:: Instructions to follow ::
Could you write out, exactly as they stand, only the lines in the listing below from the line with "2015 Honda Pilot EX-L" to the line with "Seat Leon II 2.0 TDI 140KM 2006", both ends included, without the pictures?

:: Listed entries ::
* * * * * * * * *

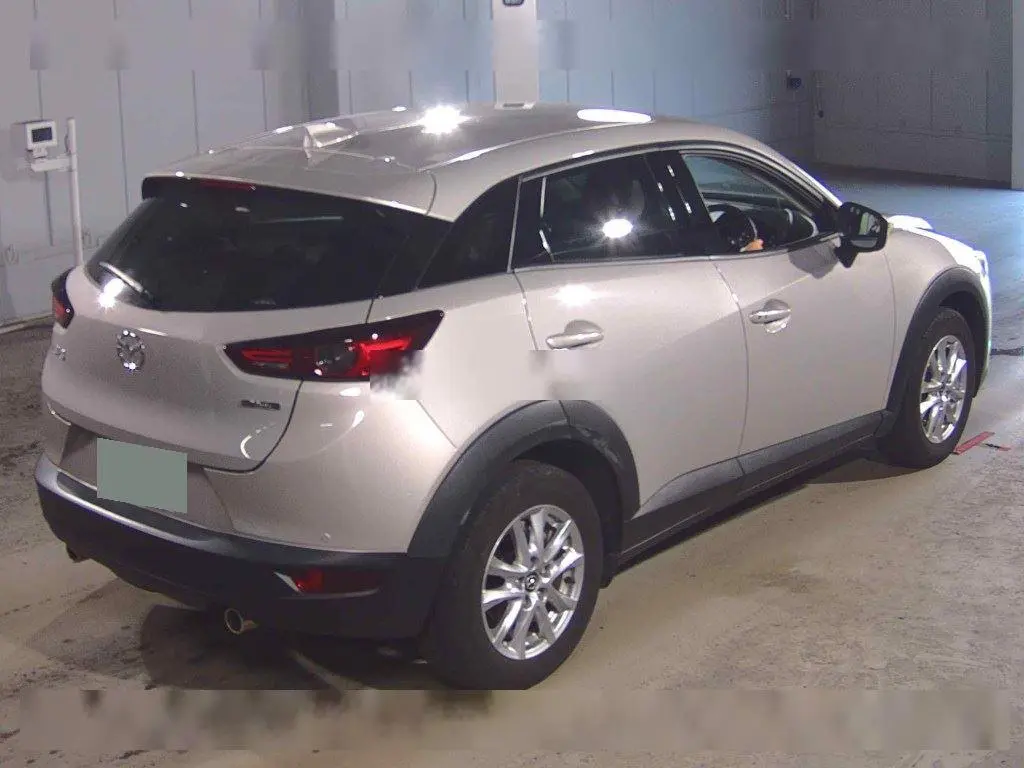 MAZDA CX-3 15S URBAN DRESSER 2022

* * * * * * * * *

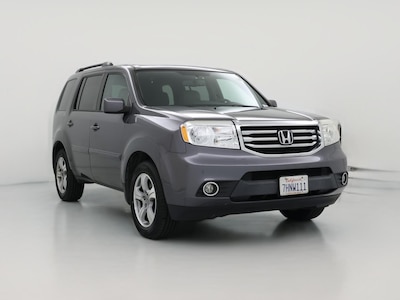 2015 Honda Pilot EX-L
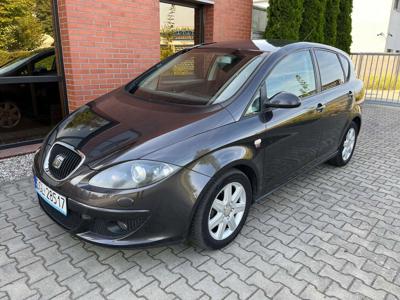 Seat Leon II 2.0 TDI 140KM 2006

* * * * * * * * *

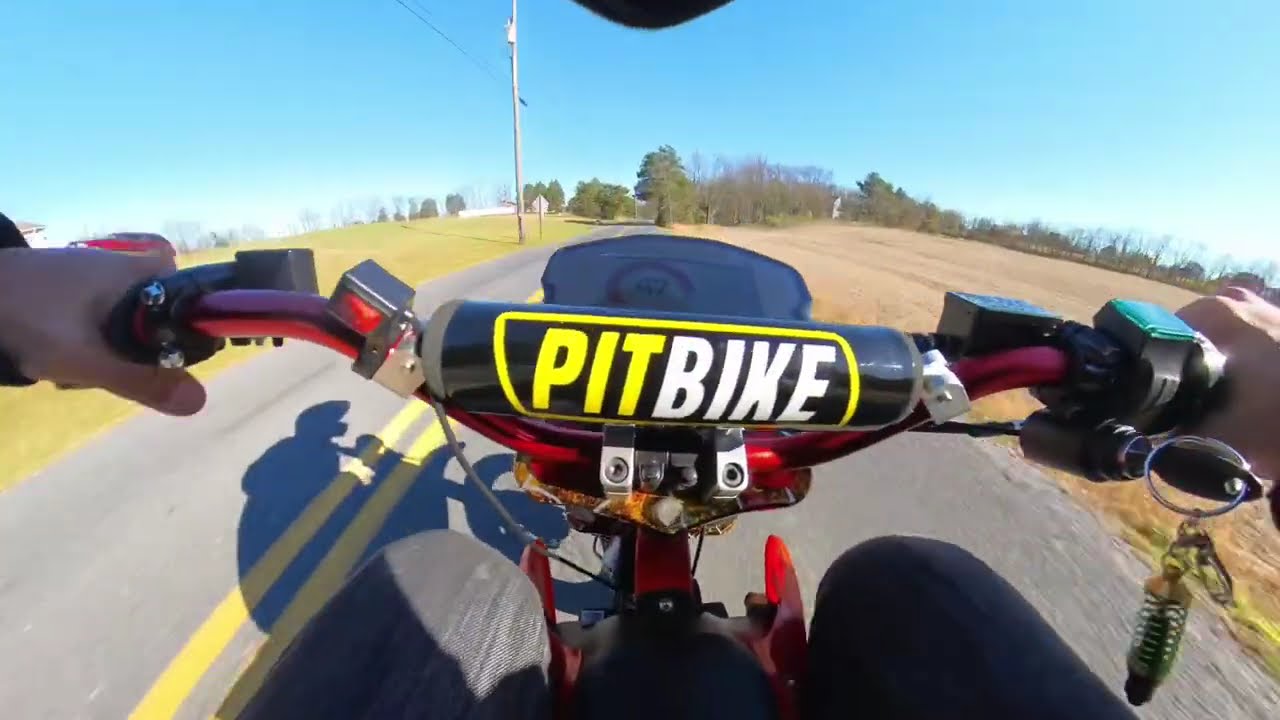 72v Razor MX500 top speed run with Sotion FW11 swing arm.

* * * * * * * * *

:: Exercise answer ::
 2015 Honda Pilot EX-L
 Seat Leon II 2.0 TDI 140KM 2006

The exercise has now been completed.